◆ What is needed
In the entries that follow, the lines from the line containing "Vector umbrellas. Abstract" up to and including the line containing "Mexen Pedro granite" must be copied exactly, with pictures omitted.
--- Recorded information Enclosed Below ---
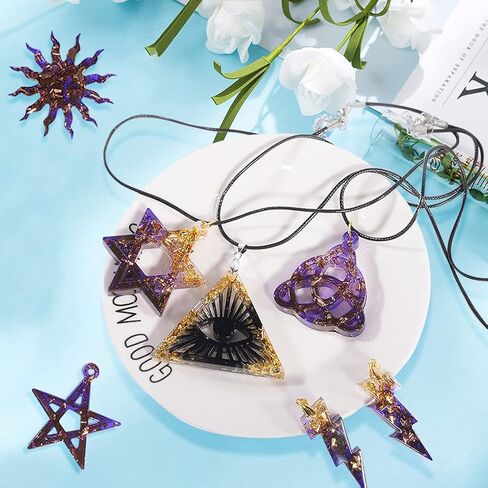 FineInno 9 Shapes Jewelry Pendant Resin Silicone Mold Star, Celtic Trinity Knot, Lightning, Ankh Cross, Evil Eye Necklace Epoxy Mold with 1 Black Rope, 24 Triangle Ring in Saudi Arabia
--- End of Enclosed Recorded information ---
--- Recorded information Enclosed Below ---
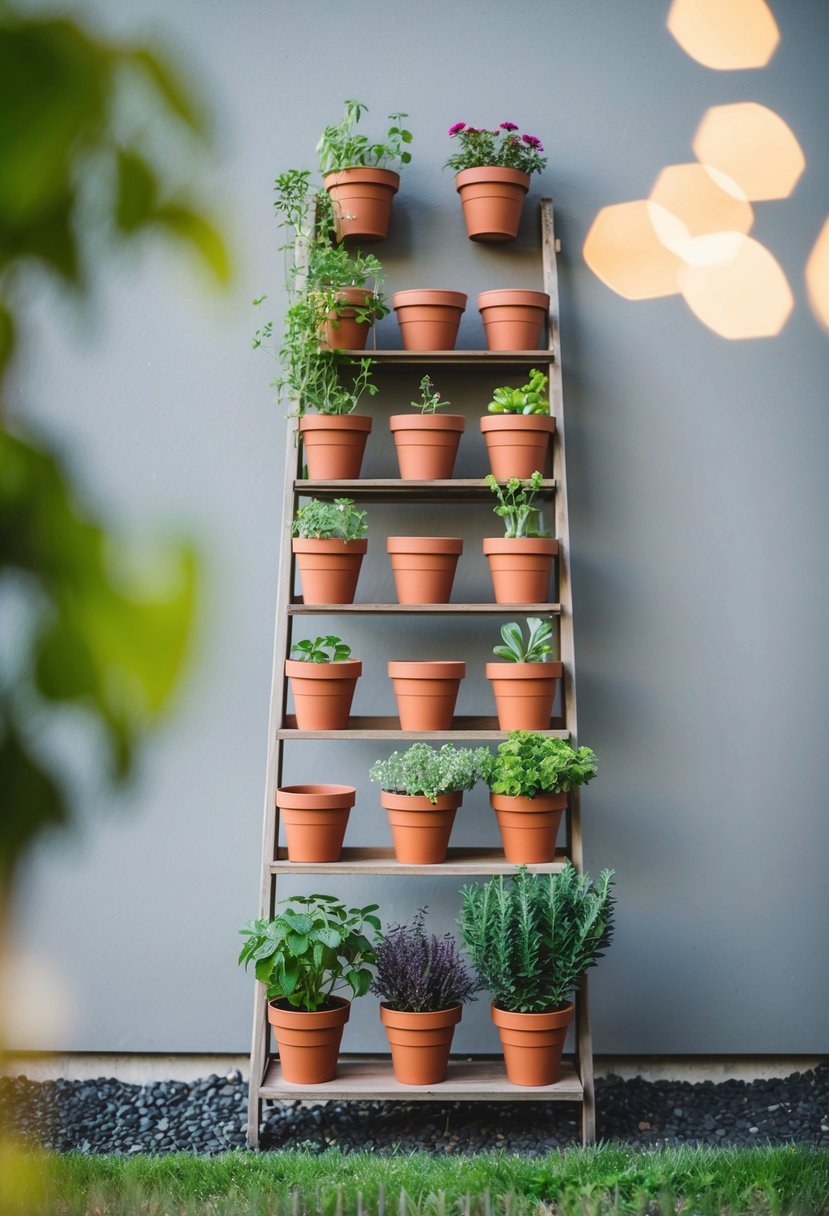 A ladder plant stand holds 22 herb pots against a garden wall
--- End of Enclosed Recorded information ---
--- Recorded information Enclosed Below ---
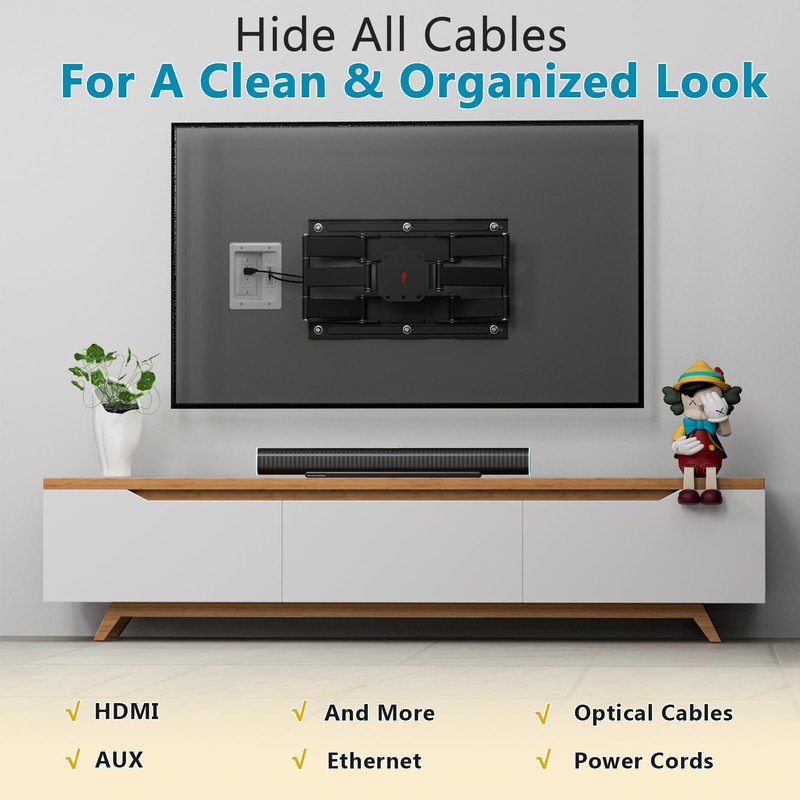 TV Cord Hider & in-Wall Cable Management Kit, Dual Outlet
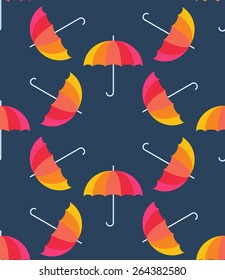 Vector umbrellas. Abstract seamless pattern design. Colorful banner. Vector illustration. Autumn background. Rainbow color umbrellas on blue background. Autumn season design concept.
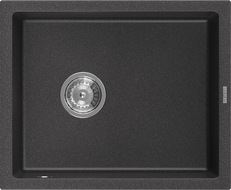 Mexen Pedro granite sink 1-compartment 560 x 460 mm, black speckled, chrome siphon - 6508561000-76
--- End of Enclosed Recorded information ---
◆ Answer space
 Vector umbrellas. Abstract seamless pattern design. Colorful banner. Vector illustration. Autumn background. Rainbow color umbrellas on blue background. Autumn season design concept.
 Mexen Pedro granite sink 1-compartment 560 x 460 mm, black speckled, chrome siphon - 6508561000-76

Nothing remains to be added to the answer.